:: Task goal ::
Go to the line with "My Patients Are" in the entries below and write out every line from there through the line with "Dj Sisa Rasa", exactly and without pictures.

:: Material for this exercise ::
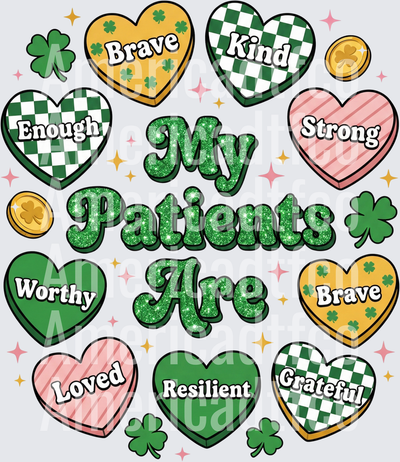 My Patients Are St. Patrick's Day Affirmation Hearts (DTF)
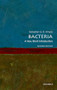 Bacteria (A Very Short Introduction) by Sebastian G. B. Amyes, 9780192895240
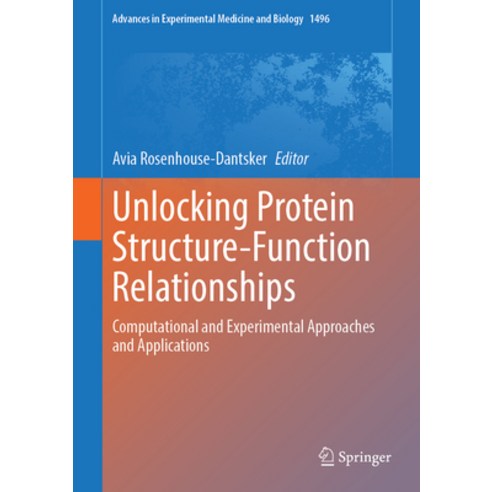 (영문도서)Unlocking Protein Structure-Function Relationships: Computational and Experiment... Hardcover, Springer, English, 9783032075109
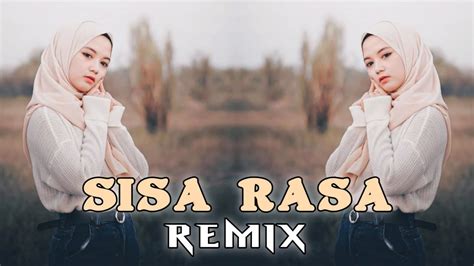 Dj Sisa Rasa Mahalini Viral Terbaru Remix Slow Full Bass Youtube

--

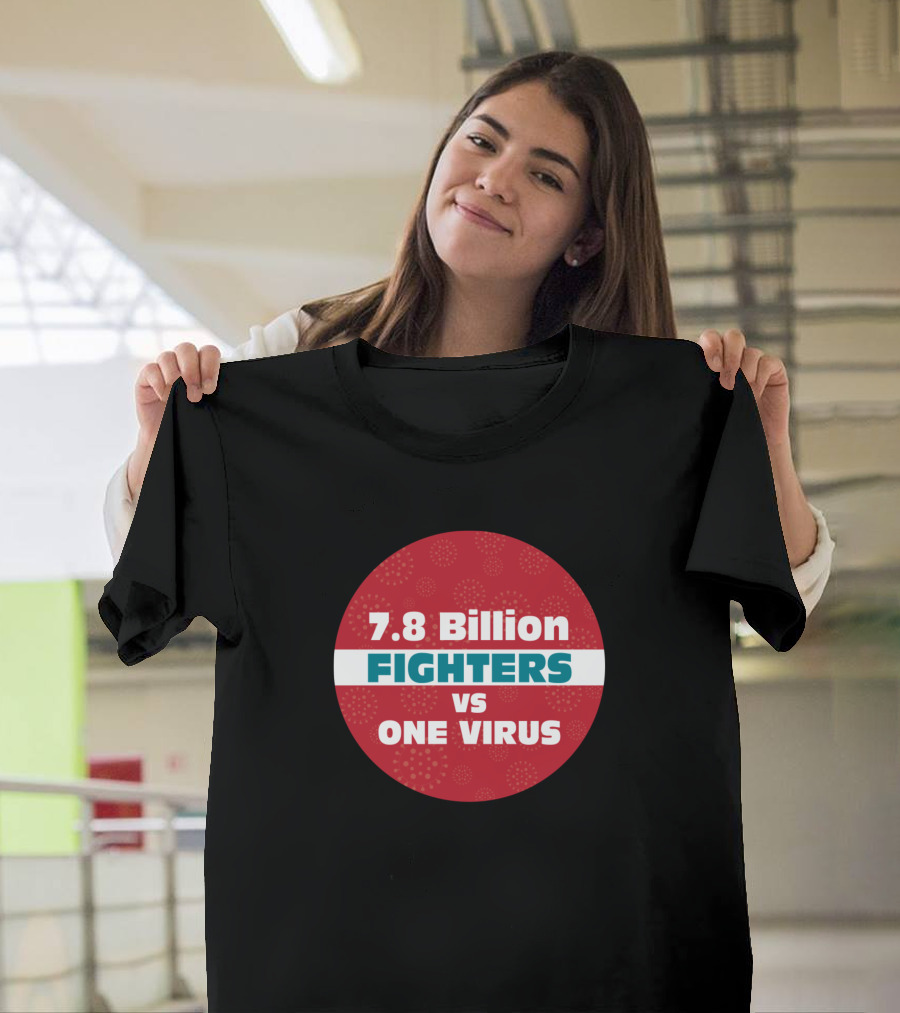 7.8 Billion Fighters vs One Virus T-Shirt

...

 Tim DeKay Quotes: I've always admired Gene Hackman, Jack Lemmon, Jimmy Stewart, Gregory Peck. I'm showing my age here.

:: Completed task ::
 My Patients Are St. Patrick's Day Affirmation Hearts (DTF)
 Bacteria (A Very Short Introduction) by Sebastian G. B. Amyes, 9780192895240
 (영문도서)Unlocking Protein Structure-Function Relationships: Computational and Experiment... Hardcover, Springer, English, 9783032075109
 Dj Sisa Rasa Mahalini Viral Terbaru Remix Slow Full Bass Youtube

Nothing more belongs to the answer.